Mentre guardi video su Netflix o ascolti musica su Spotify, ti sei mi chiesto quanti altri nel mondo stiano facendo la stessa cosa in quel preciso istante? Sarebbe un pensiero stimolante non solo da utente ma anche da programmatore! Ti farebbe riflettere sulla mole di dati che le applicazioni gestiscono, sull’intensità dei loro flussi real-time e sul carico di lavoro che schizza alle stelle nei momenti di picco. Ciò, al giorno d’oggi, significa una sola cosa: la progettazione di sistemi software ha bisogno di flessibilità e scalabilità.

In pratica, ha bisogno di tutto ciò per cui le tecnologie a container sono nate. In questa guida parliamo proprio di questo e soprattutto di Docker, la soluzione leader in questo ambito.

La crisi del monolite

Nei decenni che hanno reso lo sviluppo software un bisogno impellente per la società – parliamo degli anni Ottanta e Novanta – si sono affermate due pratiche assolutamente necessarie:

  • La programmazione orientata agli oggetti, lanciata in grande stile dal C++ ma adottata poi praticamente da ogni linguaggio;
  • La realizzazione di applicazioni sempre più grandi con una struttura che oggi viene chiamata – in senso un po’ dispregiativo – monolitica.

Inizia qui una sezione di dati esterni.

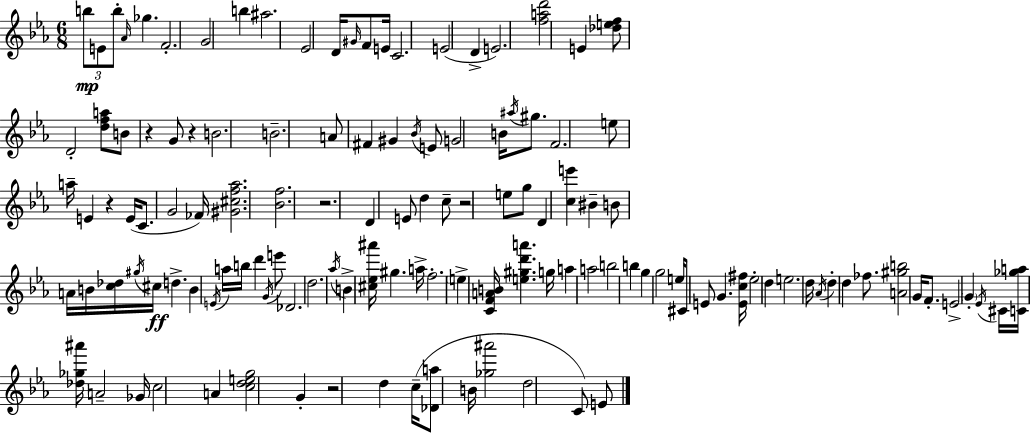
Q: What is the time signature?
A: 6/8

La programmazione orientata agli oggetti permetteva di organizzare al meglio la rete di informazioni gestita dall’applicazione. In maniera, potremmo dire, piramidale i dati costituivano oggetti, questi venivano collegati in strutture dinamiche le quali a loro volta entravano a far parte di aggregazioni più grandi. Ciò permetteva di inglobare in maniera organizzata funzionalità che via via venivano richieste. Un approccio di questo tipo, oltre a tutti i risultati che l’Ingegneria del Software aveva portato, offriva la possibilità di realizzare grandi piattaforme di lavoro che con l’avvento di Internet potevano essere raggiunte attraverso la Rete offrendo servizi ovunque.

Da un punto di vista progettuale però la struttura a monolite regnava. Si finiva per creare software a corpo unico che accedevano all’esterno, per lo più, solo per attingere a fonti dati quali database, file, archivi di vario genere ma per il resto tendevano a conservare al proprio interno ogni funzionalità.

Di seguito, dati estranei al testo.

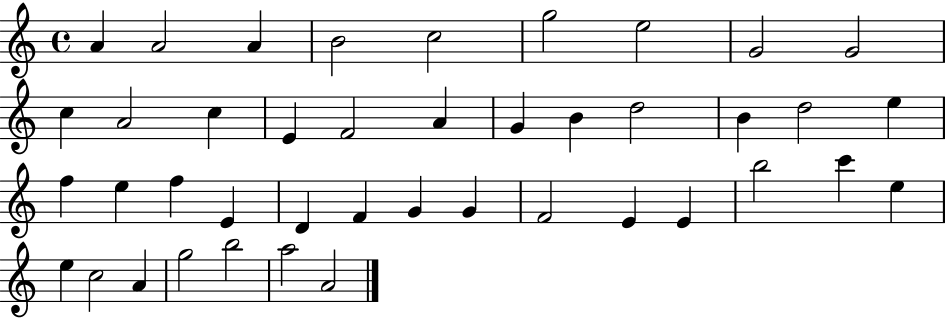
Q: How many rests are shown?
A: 0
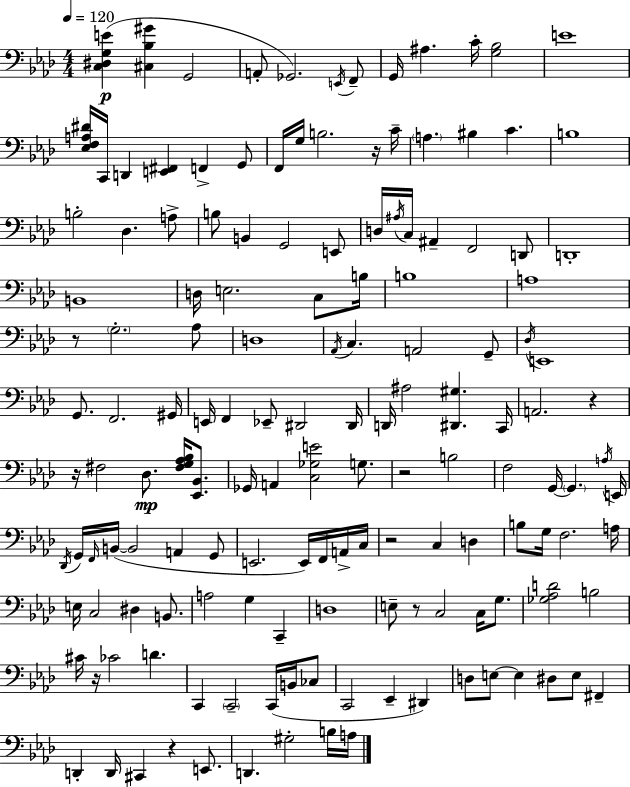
[C3,D#3,G3,E4]/q [C#3,Bb3,G#4]/q G2/h A2/e Gb2/h. E2/s F2/e G2/s A#3/q. C4/s [G3,Bb3]/h E4/w [Eb3,F3,A3,D#4]/s C2/s D2/q [E2,F#2]/q F2/q G2/e F2/s G3/s B3/h. R/s C4/s A3/q. BIS3/q C4/q. B3/w B3/h Db3/q. A3/e B3/e B2/q G2/h E2/e D3/s A#3/s C3/s A#2/q F2/h D2/e D2/w B2/w D3/s E3/h. C3/e B3/s B3/w A3/w R/e G3/h. Ab3/e D3/w Ab2/s C3/q. A2/h G2/e Db3/s E2/w G2/e. F2/h. G#2/s E2/s F2/q Eb2/e D#2/h D#2/s D2/s A#3/h [D#2,G#3]/q. C2/s A2/h. R/q R/s F#3/h Db3/e. [F#3,G3,Ab3,Bb3]/s [Eb2,Bb2]/e. Gb2/s A2/q [C3,Gb3,E4]/h G3/e. R/h B3/h F3/h G2/s G2/q. A3/s E2/s Db2/s G2/s F2/s B2/s B2/h A2/q G2/e E2/h. E2/s F2/s A2/s C3/s R/h C3/q D3/q B3/e G3/s F3/h. A3/s E3/s C3/h D#3/q B2/e. A3/h G3/q C2/q D3/w E3/e R/e C3/h C3/s G3/e. [Gb3,Ab3,D4]/h B3/h C#4/s R/s CES4/h D4/q. C2/q C2/h C2/s B2/s CES3/e C2/h Eb2/q D#2/q D3/e E3/e E3/q D#3/e E3/e F#2/q D2/q D2/s C#2/q R/q E2/e. D2/q. G#3/h B3/s A3/s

Il monolite venne messo in crisi dai tempi e dalle necessità che la crescente informatizzazione e diffusione della connettività portavano. Tra i principali svantaggi possiamo individuarne alcuni fortemente accentuati dalle dimensioni crescenti del software:

  • Difficoltà di manutenzione ed espansione. La modifica o integrazione di una piccola parte del software deve essere applicata ad un programma molto grande garantendo di raggiungere i propri scopi senza intaccare il suo funzionamento complessivo;
  • Ulteriore problema, legato a quello citato al punto precedente, verte sulle modalità da seguire per mandare in produzione queste modifiche. Se il programma costituisce un servizio on-line, costantemente utilizzato dagli utenti, per poter attivare la modifica generalmente è necessario spegnerlo e riavviarlo. Ciò spesso causa quelle fastidiose interruzioni di servizio che vengono notificate con banner o finestre di dialogo (“Si avvisa che per interventi tecnici il servizio non sarà disponibile dalle ore…”) ed in molti altri casi ciò non è affatto possibile semplicemente perché il servizio non può essere mai arrestato: non pochi committenti si tutelano di fronte a tale evenienza anche a livello contrattuale;
  • Difficoltà di attuazione di strategie di scalabilità. Si intende per scalabilità la capacità di un sistema di aumentare le proprie risorse nei momenti di picco e, altrettanto importante, ridurle nei momenti di minore carico. Con un monolite, la scalabilità può essere applicata solo a livello di intera applicazione replicandola su più server. Non è possibile infatti “scalare” solo certe funzionalità. Ad esempio, un sistema moderno esposto sul web potrebbe aver bisogno di scalare interfacce utente e gestione di alcune interazioni su database: con il monolite non è possibile, o lo replichi tutto o niente;
  • I monoliti sono generalmente scritti in un unico linguaggio perché compongono un solo progetto. Sarebbe utile ma problematico, ad esempio, sviluppare alcune parti in Node.js ed altre in Python, qualcosa in Java e – perché no? – un po’ in Microsoft .NET;
  • Un problema in qualsiasi parte del sistema rischierebbe di bloccarne l’intero funzionamento in quanto un errore nel programma, a seconda del punto in cui si verifica, potrebbe risultare fatale;
  • La gestione delle risorse non può essere elastica in quanto il monolite funziona come blocco unico e ciò non permette l’attuazione di risparmi in fatto di energia elettrica ma anche di gestione di RAM, connessioni a database, etc.;
  • Anche l’organizzazione dei team di lavoro non ne risulta agevolata in quanto le varie componenti del progetto collaborano strettamente e alcuni sviluppatori potrebbero aver bisogno di attendere il completamento del lavoro di altri per poter iniziare.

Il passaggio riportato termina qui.